Action item – Please give the lines below again exactly as they stand, from the one that contains "La Jolla Kayak优惠码" up to and including the one that contains "TeleCantabria - El", leaving all pictures out.

Data provided –
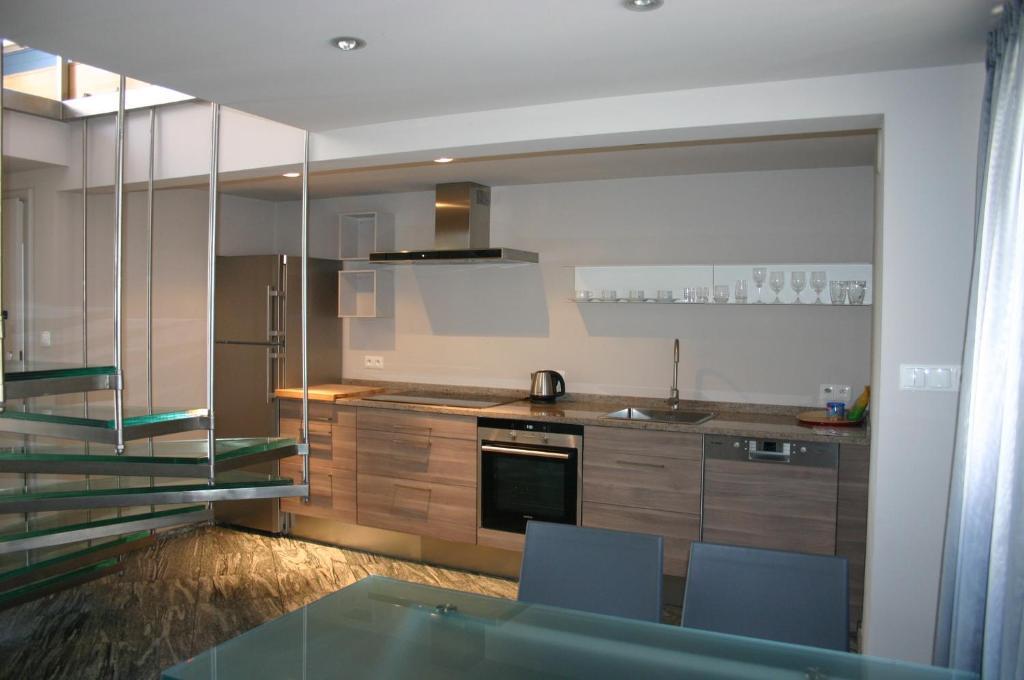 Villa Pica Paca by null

==

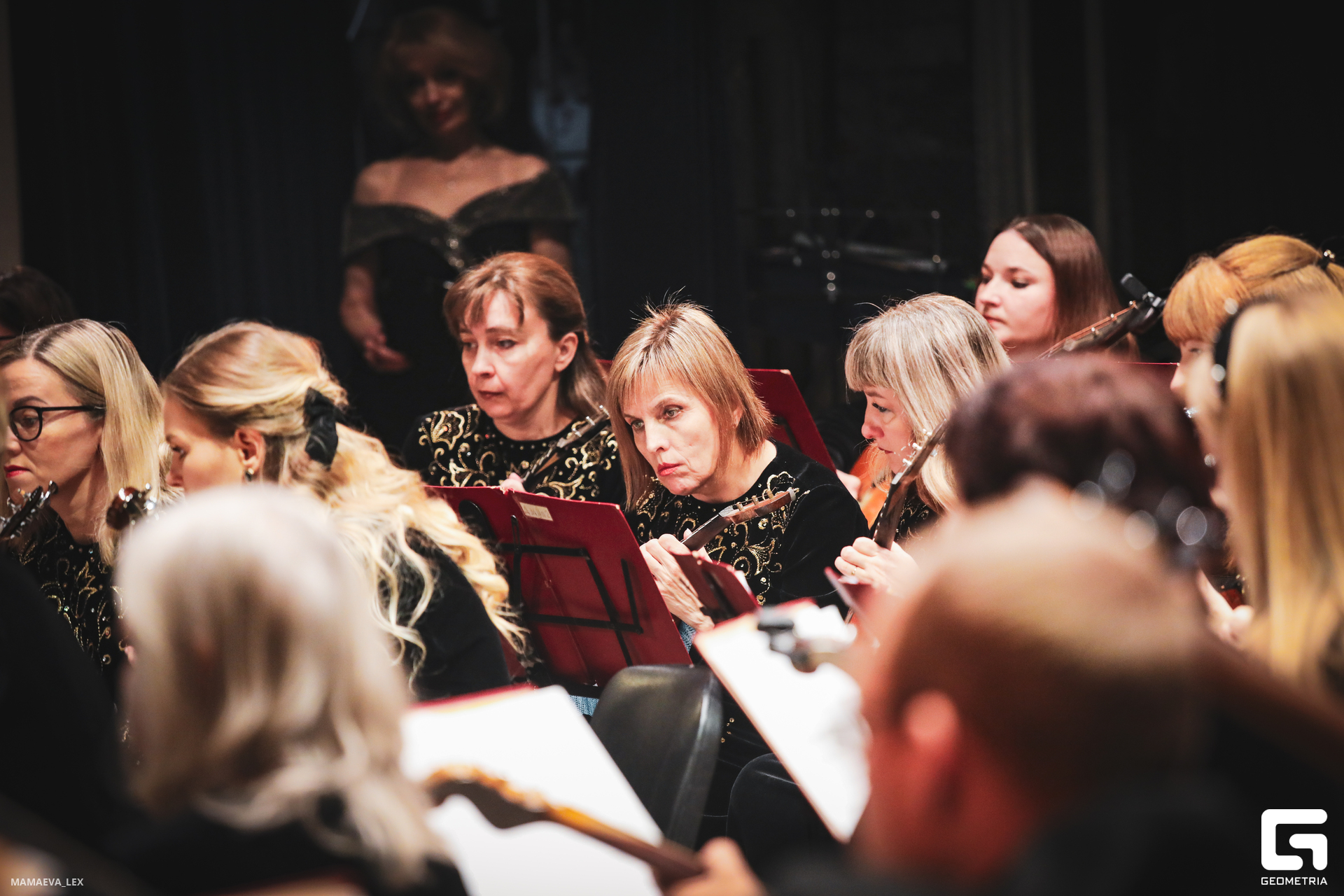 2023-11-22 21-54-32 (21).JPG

==

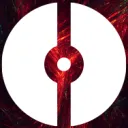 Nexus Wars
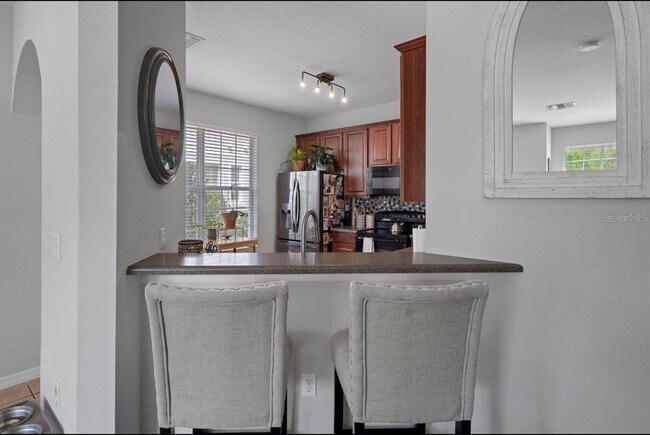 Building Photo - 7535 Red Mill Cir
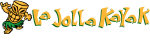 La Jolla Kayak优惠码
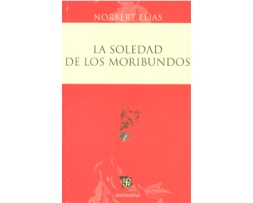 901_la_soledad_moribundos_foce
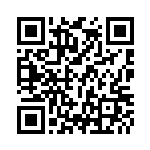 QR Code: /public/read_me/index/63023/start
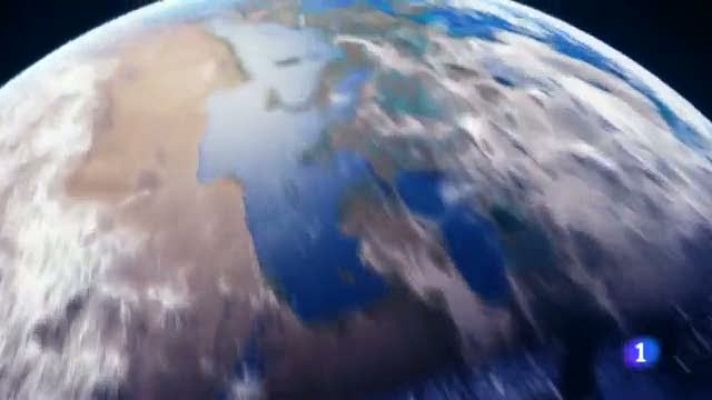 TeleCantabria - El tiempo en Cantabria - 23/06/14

Result –
 La Jolla Kayak优惠码
 901_la_soledad_moribundos_foce
 QR Code: /public/read_me/index/63023/start
 TeleCantabria - El tiempo en Cantabria - 23/06/14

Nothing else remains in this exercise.